- Genre: Star Wars; Animation; Action/comedy; Shorts;
- Starring: Lex Lang; Anthony Daniels; Matthew Wood; Ellen Dubin; Trevor Devall; Grey Griffin; Billy Dee Williams; Arif S. Kinchen;
- Country of origin: United States
- Original language: English
- No. of episodes: 5

Production
- Production companies: Lucasfilm Lego M2Film

Original release
- Network: Disney XD
- Release: February 15 – May 4, 2016

= Lego Star Wars: The Resistance Rises =

Lego Star Wars computer animated series

Lego Star Wars: The Resistance Rises is a five-episode Lego Star Wars short form computer-animated series that debuted on Disney XD on February 15, 2016. A comedic prequel to the 2015 film Star Wars: The Force Awakens, it focuses on the exploits of Star Wars characters from that film, as well as legacy characters.

==Episodes==

| No. | Title | Original release date | Length |
| 1 | "Poe to the Rescue" | February 15, 2016 | 6:47 |
After retrieving a marooned C-3PO, Poe Dameron and BB-8 take him to help rescue a captive Admiral Ackbar from Captain Phasma and Kylo Ren.
| 2 | "The Trouble with Rathtars" | April 13, 2016 | 3:39 |
While trying to manage the rathtars running loose on their ship, Han Solo and Chewbacca find themselves in the path of a First Order TIE fighter.
| 3 | "Hunting for Han" | April 20, 2016 | 4:41 |
At Maz Kanata'a castle, various shady characters are hunting the elusive Han Solo.
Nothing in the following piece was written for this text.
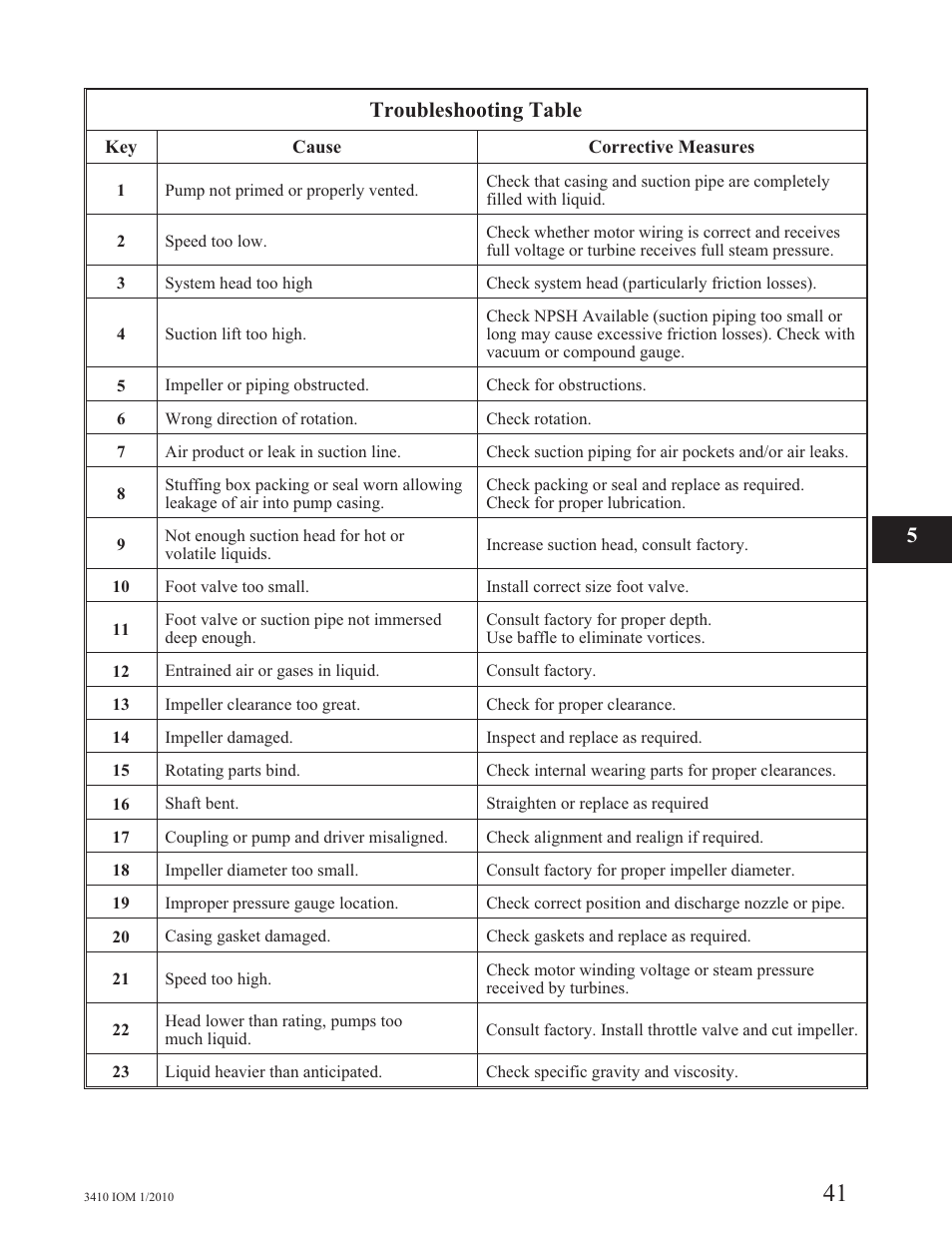 Troubleshooting table | Goulds Pumps 3410 - IOM User Manual | Page 43 / 56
Special Guest Star: Lando Calrissian.
| 4 | "Rey Strikes Back" | April 27, 2016 | 4:41 |
Unkar Plutt sends his men to steal Rey's tank speeder.
| 5 | "Attack of the Conscience" | May 4, 2016 | 4:41 |
After Captain Phasma puts him on active duty, Stormtrooper FN-2187 starts to doubt the motives of the First Order.